# Former Syracuse guard McNamara returns to U.S.



## BlueBaron (May 11, 2003)

SYRACUSE, N.Y. -- Former Syracuse guard Gerry McNamara is taking his game to the Bakersfield Jam of the NBA Development League.

He'll team up with Bakersfield coach Jim Harrick, who coached at UCLA, Rhode Island and Georgia.

McNamara, one of only six players in NCAA history to make 400 or more 3-pointers, secured his release two weeks ago from the Greek team Olympiakos B.C. McNamara, who played only 30 seconds in his first five games with Olympiakos, gave up almost $200,000.

McNamara will earn a prorated salary of $18,000, according to agent Bill Neff of Saga Sports.

"It shows you where he's at and what he wants," Neff said in Wednesday editions of The Post-Standard of Syracuse. "He wants to play. His thinking is he just wants to go there and play and have a chance to go to the NBA."

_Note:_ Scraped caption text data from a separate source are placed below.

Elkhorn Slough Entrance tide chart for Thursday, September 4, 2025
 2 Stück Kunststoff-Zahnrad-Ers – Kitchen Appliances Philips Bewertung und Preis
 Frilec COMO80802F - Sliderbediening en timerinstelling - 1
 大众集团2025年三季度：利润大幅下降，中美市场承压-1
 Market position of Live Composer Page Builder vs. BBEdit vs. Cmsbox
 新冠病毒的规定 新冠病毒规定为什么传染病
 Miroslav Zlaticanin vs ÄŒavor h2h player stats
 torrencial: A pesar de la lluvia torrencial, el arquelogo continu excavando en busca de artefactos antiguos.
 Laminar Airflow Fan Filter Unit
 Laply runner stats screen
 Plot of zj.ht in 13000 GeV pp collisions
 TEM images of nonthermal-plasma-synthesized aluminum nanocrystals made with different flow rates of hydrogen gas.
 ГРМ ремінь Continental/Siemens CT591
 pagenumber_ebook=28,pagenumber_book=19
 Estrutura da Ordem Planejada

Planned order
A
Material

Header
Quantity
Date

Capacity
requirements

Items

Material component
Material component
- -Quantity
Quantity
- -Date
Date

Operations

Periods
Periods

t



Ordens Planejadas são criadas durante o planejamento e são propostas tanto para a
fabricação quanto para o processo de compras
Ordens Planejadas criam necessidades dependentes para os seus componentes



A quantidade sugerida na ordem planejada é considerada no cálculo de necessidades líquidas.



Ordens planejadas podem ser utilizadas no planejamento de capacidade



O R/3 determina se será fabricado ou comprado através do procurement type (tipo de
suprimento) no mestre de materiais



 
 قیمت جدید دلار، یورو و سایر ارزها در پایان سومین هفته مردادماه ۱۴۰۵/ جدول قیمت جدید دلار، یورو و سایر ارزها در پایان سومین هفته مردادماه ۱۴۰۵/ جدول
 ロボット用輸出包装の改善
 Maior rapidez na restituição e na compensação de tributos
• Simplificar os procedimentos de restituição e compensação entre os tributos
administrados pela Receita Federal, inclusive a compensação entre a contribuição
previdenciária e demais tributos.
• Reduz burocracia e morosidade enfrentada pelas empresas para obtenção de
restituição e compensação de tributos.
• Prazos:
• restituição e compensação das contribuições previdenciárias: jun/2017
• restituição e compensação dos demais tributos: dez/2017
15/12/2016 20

http://sports.espn.go.com/nba/news/story?id=2696715


----------



## essbee (Oct 30, 2006)

glad to hear it, I loved Gerry Mac and Warrick.


----------



## bball_1523 (Dec 16, 2006)

dang so he is getting paid only $18,000? That's awfully low, he deserves better than that, actually every nbdl player deserves better than that.


----------



## Dre (Jun 20, 2003)

bball_1523 said:


> dang so he is getting paid only $18,000? That's awfully low, he deserves better than that, actually every nbdl player deserves better than that.


18,000 a game is pretty good for not being full pros. Plus if he doesnt make the league he can go right back overseas and make his 200K.


----------